Numa altura em que os jovens têm uma ampla oferta audiovisual e multimédia (videojogos, DVD, Internet) a banda desenhada pode surgir como uma ponte entre a cultura visual dominante e o mundo dos livros e da literatura tradicional. Por outro lado, a fidelização dos leitores naquela fase complicada da adolescência e a promoção do uso dos diferentes serviços da biblioteca, na transição entre os diferentes níveis de leitura, é mais fácil através da BD do que através da literatura escrita. Ao contrário do que acontece com a literatura convencional (puramente escrita) o leitor de banda desenhada infantil, passa sem grande esforço (quase inconscientemente) para a banda desenhada dirigida aos jovens e, por sua vez, sem nenhum esforço para a literatura gráfica adulta. Ou seja: o jovem leitor não transita com tanta facilidade do "Harry Potter" para "Os Maias" como do "Asterix" para "Maus". É, pois, lamentável que muitos se queixem que os jovens apenas se interessem pelas secções audiovisual e multimédia das bibliotecas e que em simultâneo haja um desconhecimento ou marginalização por parte dos profissionais de bibliotecas em relação à banda desenhada e às suas potencialidades.
Contudo, a banda desenhada, enquanto meio de narração sequencial em imagens comporta uma série de especificidades que a diferencia, por vezes, da narrativa tradicional escrita. Essas especificidades são importantes para o documentalista que selecciona, cataloga, classifica, indexa e empresta os materiais em banda desenhada e que nunca foram analisadas com a devida atenção pela Biblioteconomia.

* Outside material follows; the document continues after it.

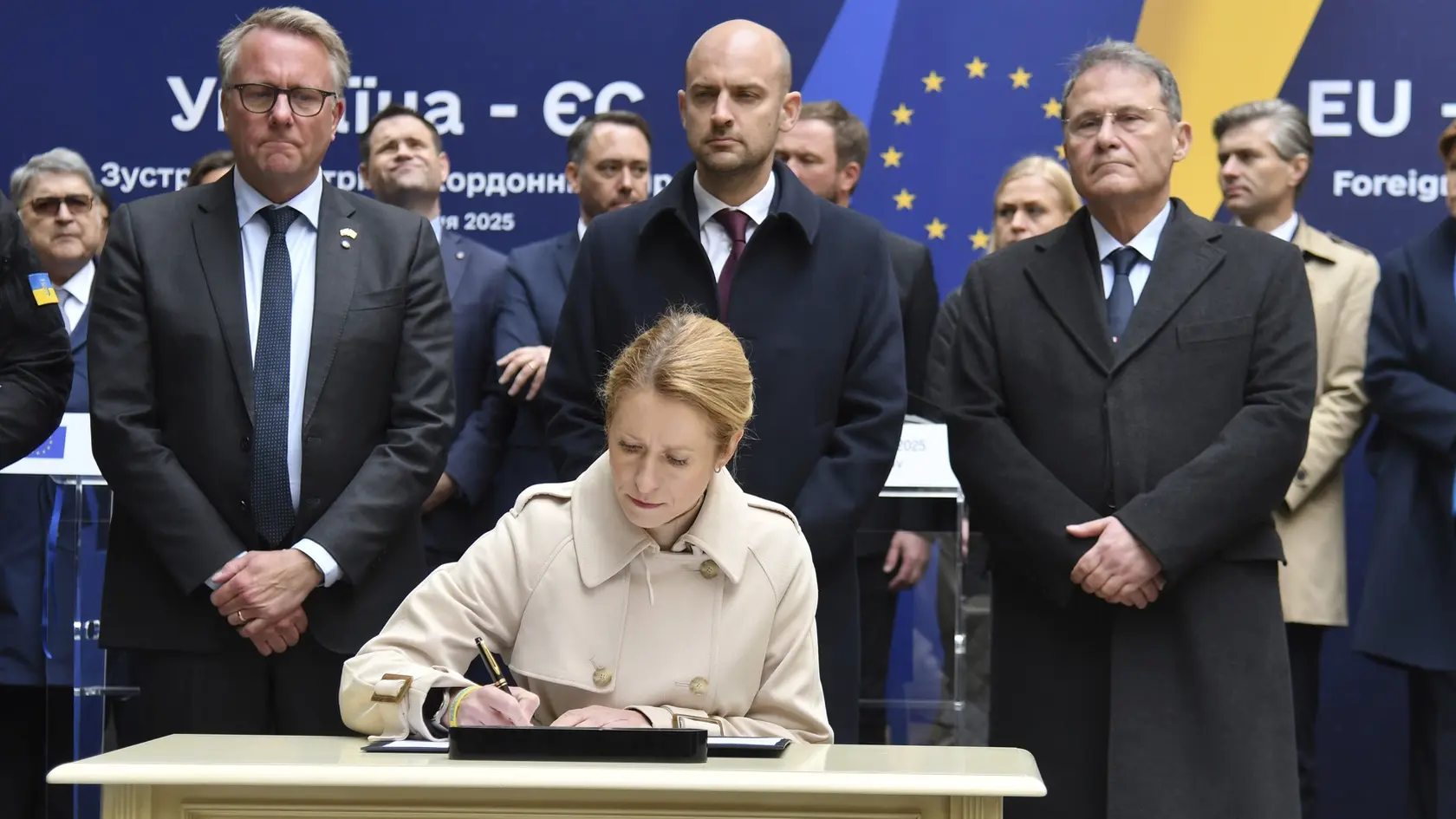 Šéfka diplomacie EÚ Kaja Kallasová (v popredí) podpisuje dohodu o transfere na Ukrajinu výnosu podielu akcií zo zmrazených ruských aktív na neformálnom zasadnutí zástupcov diplomacií členských štátov Európskej únie a Ukrajiny v ukrajinskom Ľvove 9. mája 2025.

A própria Biblioteca do Congresso só começou a tratar os seus materiais de banda desenhada em finais dos anos anos 70 (exemplo [6]). Até então a BD existente na Biblioteca do Congresso não tinha dignidade suficiente para ter direito a um registo bibliográfico. Não havia nenhum documentalista que pudesse comprovar através do catálogo a existência do Super Homem ou do Batman. Talvez, por isso, sejam tão raras as alusões à banda desenhada nos manuais e nas normas de Biblioteconomia. Contudo iremos analisar de seguida algumas dessas características:
Começando logo pelas monografias de banda desenhada verifica-se que elas se dividem essencialmente em dois tipos (exemplo [3]):
No caso da banda desenhada, ao contrário do que sucede com a literatura tradicional podemos afirmar com segurança que a regra é a das obras monográficas em diferentes volumes. Um outro problema que a banda desenhada levanta é a questão da colecção, que em BD tem um significado diferente da colecção na literatura convencional. Na maioria dos casos a colecção em BD significa "obra em diferentes volumes", enquanto na literatura convencional a colecção corresponde apenas a uma determinada linha editorial, sem que haja qualquer elo de ligação entre os diferentes títulos que compõem a colecção. São para todos os efeitos obras diferentes.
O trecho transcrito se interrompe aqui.